— EXERCISE GOAL —
Give back the exact lines of the material below from the one containing "Integrácia OneNote s prvkom funkcie IFTTT" through the one containing "Wool Felt Santa", and no pictures.

— EXERCISE INPUTS —
********

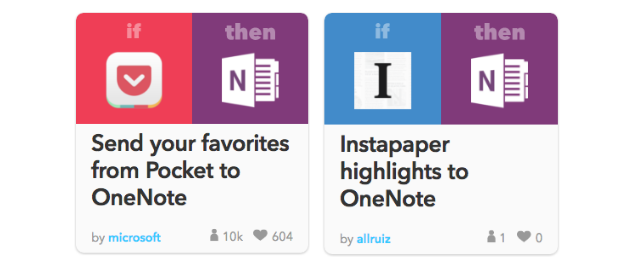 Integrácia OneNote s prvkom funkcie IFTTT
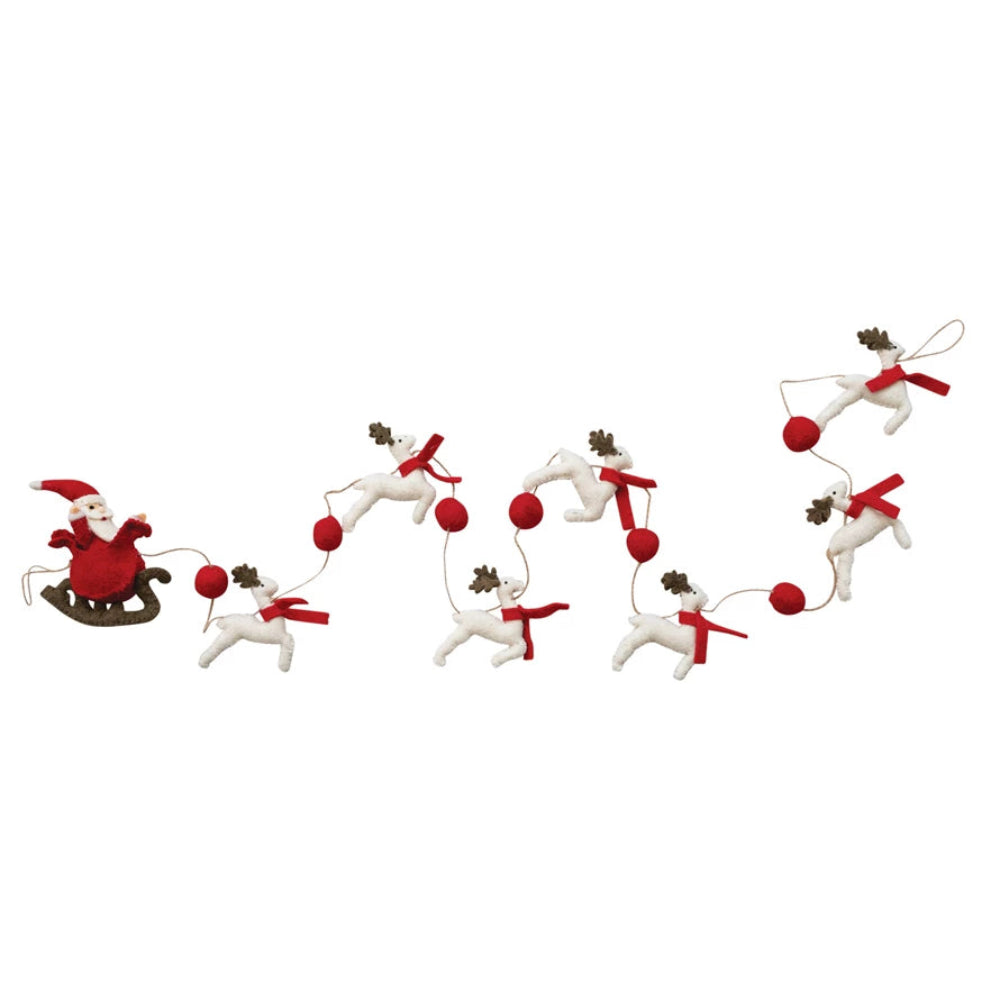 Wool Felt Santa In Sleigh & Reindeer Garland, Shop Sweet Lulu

********

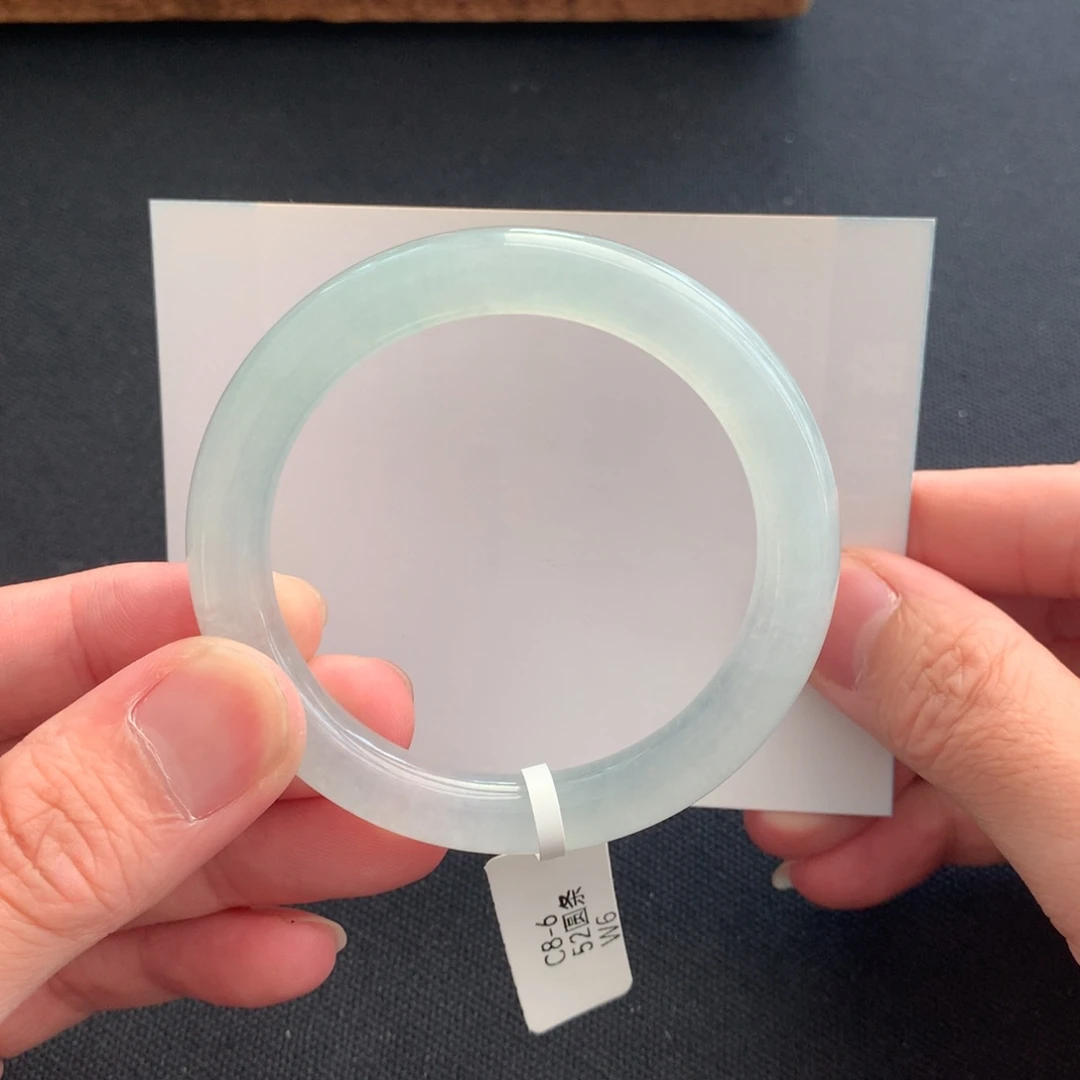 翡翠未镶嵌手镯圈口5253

********

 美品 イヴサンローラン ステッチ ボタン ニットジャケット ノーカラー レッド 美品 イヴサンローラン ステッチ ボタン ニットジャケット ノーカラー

********

— SOLUTION TO THIS EXERCISE —
 Integrácia OneNote s prvkom funkcie IFTTT
 Wool Felt Santa In Sleigh & Reindeer Garland, Shop Sweet Lulu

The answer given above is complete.